Speaker Verification Based on Log-Likelihood Score Normalization

Abstract

Due to differences in the distribution of scores for different trials, the performance of a speaker verification system will be seriously diminished if raw scores are directly used for detection with a unified threshold value. As such, the scores must be normalized. To tackle the shortcomings of score normalization methods, we propose a speaker verification system based on log-likelihood normalization (LLN). Without a priori knowledge, LLN increases the separation between scores of target and non-target speaker models, so as to improve score aliasing of “same-speaker” and “different-speaker” trials corresponding to the same test speech, enabling better discrimination and decision capability. The experiment shows that LLN is an effective method of scoring normalization.

Share and Cite:

Cao, W. , Liang, C. and Cao, S. (2020) Speaker Verification Based on Log-Likelihood Score Normalization.

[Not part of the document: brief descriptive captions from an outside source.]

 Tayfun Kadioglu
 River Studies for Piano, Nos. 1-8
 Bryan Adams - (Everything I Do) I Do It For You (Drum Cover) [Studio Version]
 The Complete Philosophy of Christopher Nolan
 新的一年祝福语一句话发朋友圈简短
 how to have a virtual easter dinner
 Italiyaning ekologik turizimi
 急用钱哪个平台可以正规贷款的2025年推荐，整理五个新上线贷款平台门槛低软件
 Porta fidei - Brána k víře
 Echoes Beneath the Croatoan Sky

Journal of Computer and Communications, 8, 80-87. doi: 10.4236/jcc.2020.811006.

1. Introduction

Speaker recognition uses information contained in speech waves to recognize a speaker’s identity [1]. Due to advantages such as convenience of speech acquisition, simple collection equipment, and remote recognition through a network, speaker recognition is becoming a major means of biometric recognition [2].

Depending on the purposes of recognition, speaker recognition uses the approaches of speaker identification and speaker verification [3] [4]. Speaker identification finds a speaker whose voice matches a test speech from a given set of speakers. Speaker verification determines whether a test speech belongs to a claimed speaker, i.e., it makes a decision of “true” or “false” for a trial which consists of a test speech and the identification of a claimed speaker.

For speaker verification, there are great differences in the score distributions of trials from the following aspects [5].

1) Inconsistency of a given speaker. Due to factors such as time, health, mental state, recording, and conditions, the scores of different test speeches of the same speaker on the target speaker model are not constant, but follow certain probability distributions.

2) Inconsistency between speakers. Due to the influence of speaking habits, voice, language, and other factors, the scores of trials of different speaker models are inconsistent. The scores of trials associated with some speaker models are generally high, while those of others are relatively low.

3) Inconsistency between test speeches. Under influences such as time duration, environmental noise, and channel conditions, the scores of trials associated with different test speeches show inconsistency. Scores of trials associated with some test speeches may be generally high, and those of other test speeches low. Some test speeches have similar scores on target and non-target speaker models, which makes it difficult to distinguish scores.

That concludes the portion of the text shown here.